→ Exercise details
Everything in the listing should be set down exactly, apart from the pictures.

→ Available data
***
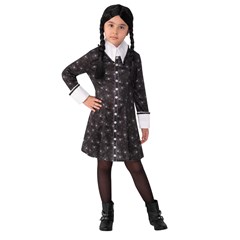 Child Costume Wednesday Addams Cosplay (Small) - 1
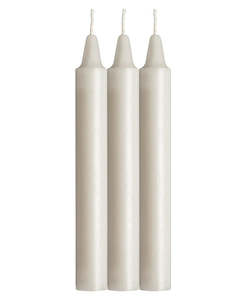 Bondage: Lacire Drip Pillar Candles - White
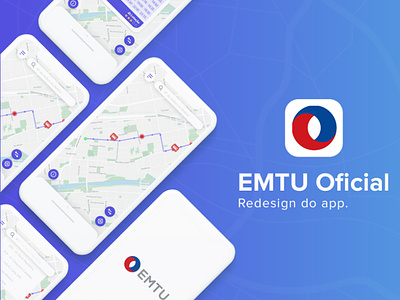 EMTU App - Redesign app bus design flat maps transport ui ux
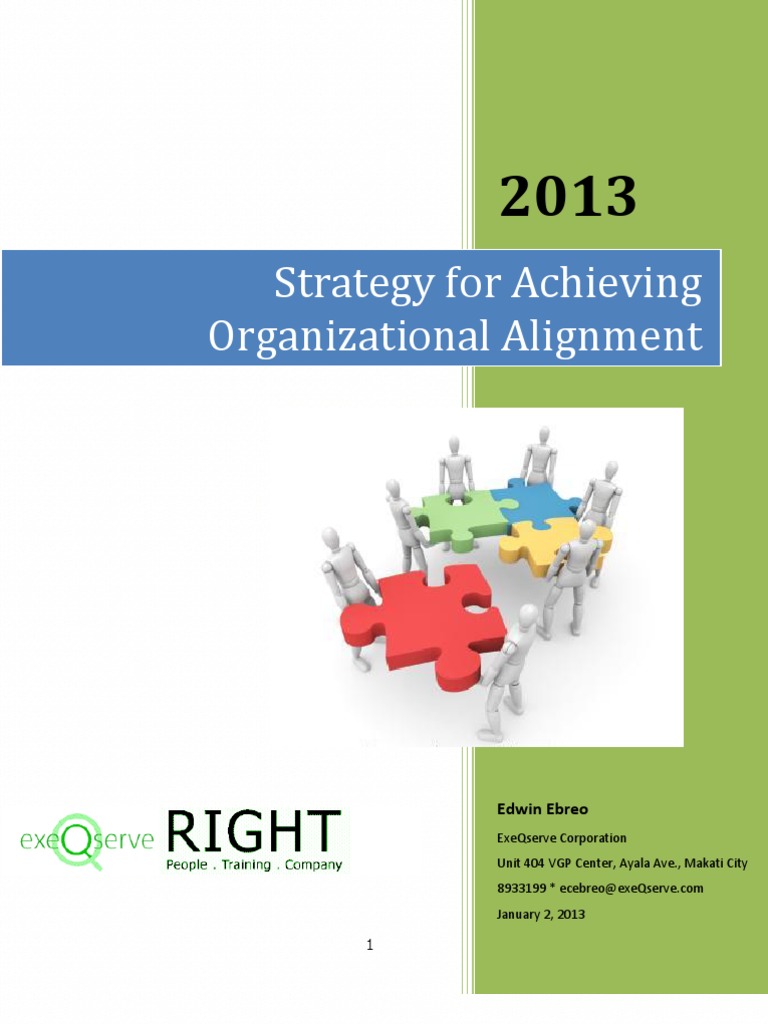 Organizational Alignment Strategy Guide | PDF | Team Building | Leadership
***
→ Exercise response
 Child Costume Wednesday Addams Cosplay (Small) - 1
 Bondage: Lacire Drip Pillar Candles - White
 EMTU App - Redesign app bus design flat maps transport ui ux
 Organizational Alignment Strategy Guide | PDF | Team Building | Leadership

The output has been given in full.